La muestra trata de hacer un retrato fiel de los históricos nexos del mundo del toro con la devoción rociera partiendo de un célebre exvoto donado por Rafael El Gallo, que retrata al torero convaleciente en la cama encomendándose a la imagen de la Virgen del Rocío, a raíz de una aparatosa cogida sufrida en la antigua plaza de Algeciras en junio de 1914.
De esta forma y dada la conexión que existe entre la filial cordobesa, fundada por el rejoneador Antonio Cañero, y el mundo del toro, desde la Hermandad Matriz solicitaron la participación del primitivo Simpecado -pintado por el pintor cordobés Julio Romero de Torres- en tal importante muestra que, de una forma u otra, vuelve a engrandecer la devoción hacia la Blanca Paloma más allá de las fronteras de nuestra tierra.
Será la segunda vez que se exponga esta muestra que ya estuvo en el Museo de la Villa de Almonte entre julio del 2021 y mayo del 2022 aunque, en esta ocasión, se contarán con más piezas como el Simpecado antiguo de Córdoba o el Simpecado de la Hermandad de Punta Umbría, confeccionado sobre un traje de luces de Miguel Báez «Litri». La exposición se inaugurará el próximo día 2 de septiembre y se prolongará hasta el 20 de octubre, por lo que, durante este tiempo, wl Simpecado no estará expuesto al culto en la capilla de la Hermandad en la Real Iglesia de San Pablo de Córdoba.
Cabe recordar que el medallón central de dicho Simpecado, es un lienzo pintado por Julio Romero de Torres.

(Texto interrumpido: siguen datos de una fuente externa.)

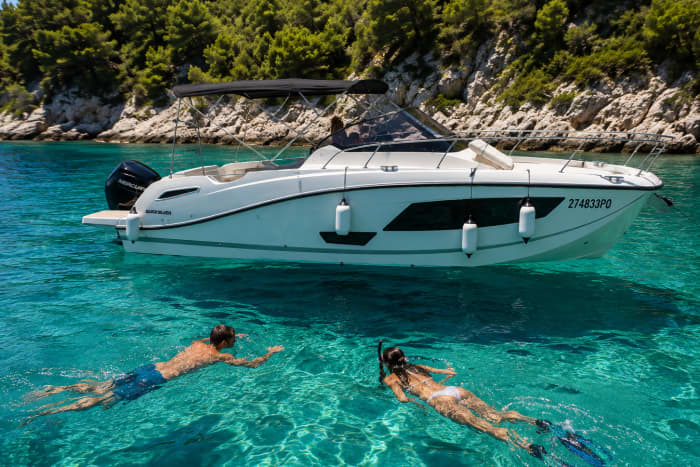 Genießen Sie die Sonne auf einer 9-stündigen Bootsfahrt in Poreč.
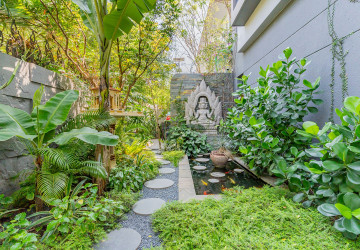 6 Bedroom Villa For Rent - Russey Keo, Phnom Penh thumbnail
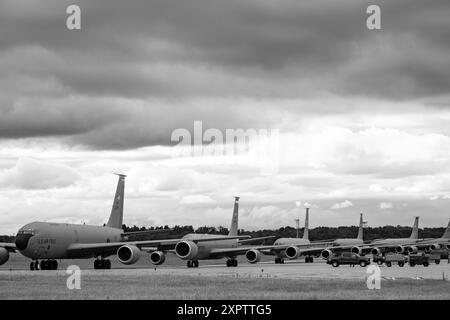 Six avions KC-135 « Statotanker » se sont rendus sur la piste lors de l’exécution d’un plan de repositionnement des avions d’alerte (AARP), à l’appui de l’exercice Steel Forge, le 9 juin 2024, près de Pittsburgh, en Pennsylvanie. La photo a été modifiée pour supprimer toutes les couleurs et ne laisser qu'une image en noir et blanc. (Illustration de la Garde nationale aérienne américaine par Mr. William Shapiro) Banque D'Images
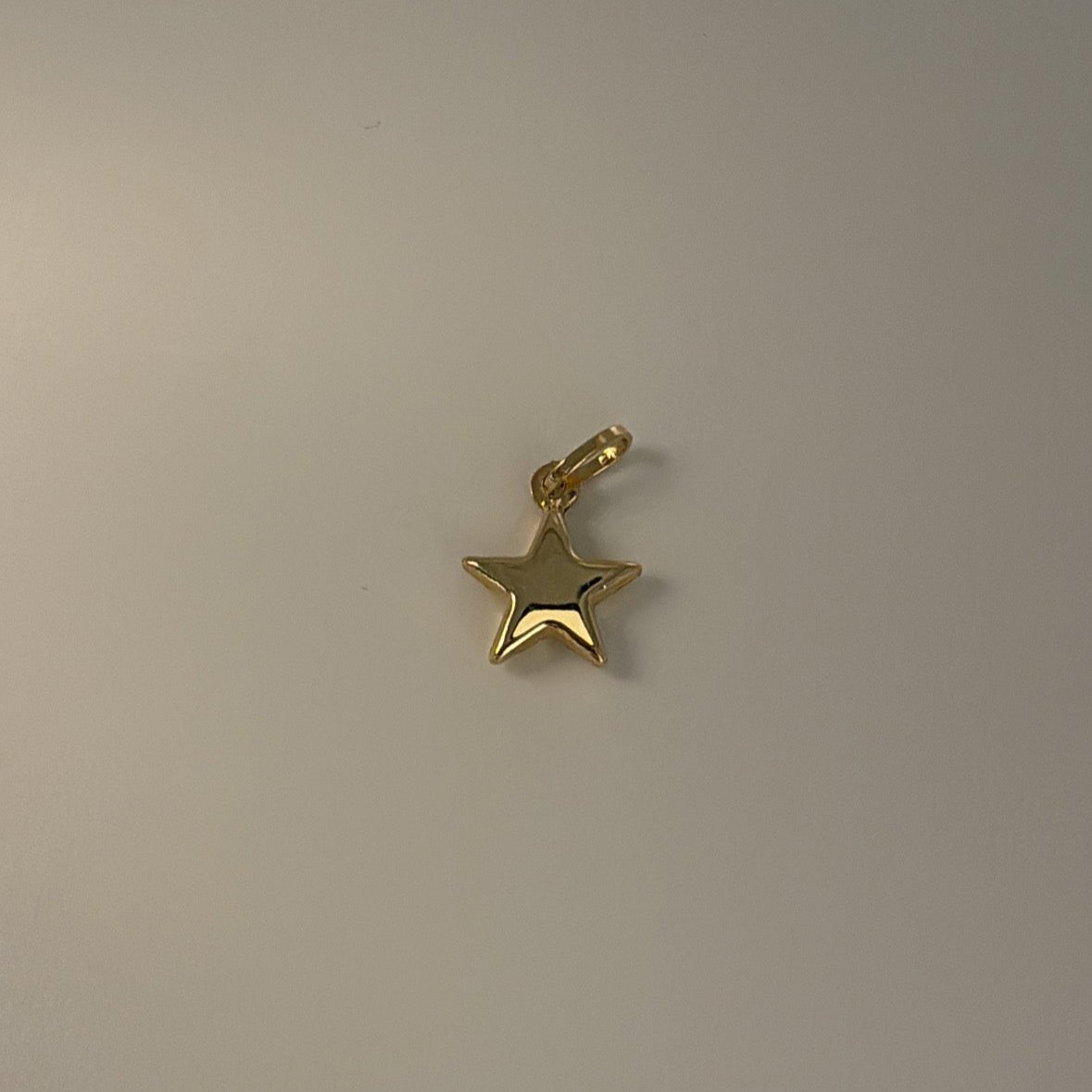 14k Solid gold puffy star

Se trata de una obra en forma de óvalo y temple sobre lienzo en la que aparece Nuestra Señora del Rocío con el Niño tal y como se representa en la ermita almonteña. El Simpecado es una insignia que ostenta el lema “Sine Labe Concepta” (Sin pecado Concebida), representando la Inmaculada Concepción de la Virgen María. Como curiosidad la Virgen no lleva flores en las ráfagas, pues Julio Romero no pintaba motivos vegetales.